## Assignment
How many lines of these records hold the string "Park"? Reply with the number alone.

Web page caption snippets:
.....

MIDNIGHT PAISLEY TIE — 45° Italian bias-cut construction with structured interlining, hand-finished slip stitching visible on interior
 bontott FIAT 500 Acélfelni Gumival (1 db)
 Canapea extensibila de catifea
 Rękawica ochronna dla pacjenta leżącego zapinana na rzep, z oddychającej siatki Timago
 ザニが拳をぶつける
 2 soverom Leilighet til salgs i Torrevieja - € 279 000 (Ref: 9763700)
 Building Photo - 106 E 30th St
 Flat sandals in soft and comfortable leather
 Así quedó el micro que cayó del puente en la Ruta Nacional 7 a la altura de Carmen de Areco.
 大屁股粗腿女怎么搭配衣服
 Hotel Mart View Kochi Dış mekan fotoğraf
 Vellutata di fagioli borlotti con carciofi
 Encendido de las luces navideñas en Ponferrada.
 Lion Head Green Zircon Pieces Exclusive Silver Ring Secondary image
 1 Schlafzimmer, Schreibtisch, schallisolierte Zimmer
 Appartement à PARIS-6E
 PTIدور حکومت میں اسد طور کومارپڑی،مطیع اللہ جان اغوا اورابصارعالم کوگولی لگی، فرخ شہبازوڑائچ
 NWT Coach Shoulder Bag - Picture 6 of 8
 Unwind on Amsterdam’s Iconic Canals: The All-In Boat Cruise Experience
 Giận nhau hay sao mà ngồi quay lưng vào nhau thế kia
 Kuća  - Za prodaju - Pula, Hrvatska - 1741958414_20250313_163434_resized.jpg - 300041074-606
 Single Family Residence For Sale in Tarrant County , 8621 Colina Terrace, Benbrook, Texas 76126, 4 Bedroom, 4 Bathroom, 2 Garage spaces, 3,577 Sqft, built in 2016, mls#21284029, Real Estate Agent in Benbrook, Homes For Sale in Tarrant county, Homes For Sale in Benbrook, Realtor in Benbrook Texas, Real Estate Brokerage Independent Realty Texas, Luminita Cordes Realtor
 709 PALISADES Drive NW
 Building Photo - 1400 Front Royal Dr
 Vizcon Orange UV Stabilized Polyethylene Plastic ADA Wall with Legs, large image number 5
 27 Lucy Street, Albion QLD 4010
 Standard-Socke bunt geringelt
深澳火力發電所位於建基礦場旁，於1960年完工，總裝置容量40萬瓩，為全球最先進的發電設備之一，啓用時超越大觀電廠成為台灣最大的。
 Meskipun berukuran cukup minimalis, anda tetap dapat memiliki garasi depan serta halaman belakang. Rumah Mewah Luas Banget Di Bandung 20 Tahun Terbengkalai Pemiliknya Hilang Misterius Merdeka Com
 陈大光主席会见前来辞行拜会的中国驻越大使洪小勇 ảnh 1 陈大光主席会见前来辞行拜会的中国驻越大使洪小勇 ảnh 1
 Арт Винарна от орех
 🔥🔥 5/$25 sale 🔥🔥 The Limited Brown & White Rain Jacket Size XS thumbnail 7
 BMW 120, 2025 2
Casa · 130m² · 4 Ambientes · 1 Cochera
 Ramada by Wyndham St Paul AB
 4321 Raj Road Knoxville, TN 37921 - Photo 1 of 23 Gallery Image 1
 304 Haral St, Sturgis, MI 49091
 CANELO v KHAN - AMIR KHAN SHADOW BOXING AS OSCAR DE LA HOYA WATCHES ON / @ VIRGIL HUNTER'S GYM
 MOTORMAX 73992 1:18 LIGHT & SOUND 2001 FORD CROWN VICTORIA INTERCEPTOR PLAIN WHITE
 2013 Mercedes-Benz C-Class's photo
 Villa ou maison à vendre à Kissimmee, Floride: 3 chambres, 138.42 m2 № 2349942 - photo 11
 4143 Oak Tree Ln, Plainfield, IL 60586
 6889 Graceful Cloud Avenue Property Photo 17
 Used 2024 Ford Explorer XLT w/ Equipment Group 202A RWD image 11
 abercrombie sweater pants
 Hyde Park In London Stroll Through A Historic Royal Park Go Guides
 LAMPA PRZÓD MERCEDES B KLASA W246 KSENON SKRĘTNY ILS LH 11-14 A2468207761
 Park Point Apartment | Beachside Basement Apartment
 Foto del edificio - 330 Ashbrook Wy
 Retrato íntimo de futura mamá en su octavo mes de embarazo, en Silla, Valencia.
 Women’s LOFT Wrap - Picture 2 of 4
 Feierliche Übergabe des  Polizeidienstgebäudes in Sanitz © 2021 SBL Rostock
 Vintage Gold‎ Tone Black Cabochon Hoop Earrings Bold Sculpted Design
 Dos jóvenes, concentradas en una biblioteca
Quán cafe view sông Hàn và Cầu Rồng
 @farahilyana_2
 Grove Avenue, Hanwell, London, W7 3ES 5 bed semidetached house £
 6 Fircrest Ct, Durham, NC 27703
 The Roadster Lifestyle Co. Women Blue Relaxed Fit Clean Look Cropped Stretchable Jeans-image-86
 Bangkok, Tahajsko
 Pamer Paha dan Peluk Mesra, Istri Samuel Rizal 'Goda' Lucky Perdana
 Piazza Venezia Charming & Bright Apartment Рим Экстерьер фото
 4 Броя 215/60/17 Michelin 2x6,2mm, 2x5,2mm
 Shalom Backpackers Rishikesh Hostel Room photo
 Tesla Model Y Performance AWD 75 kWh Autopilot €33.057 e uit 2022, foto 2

.....

## Answer for this exercise
2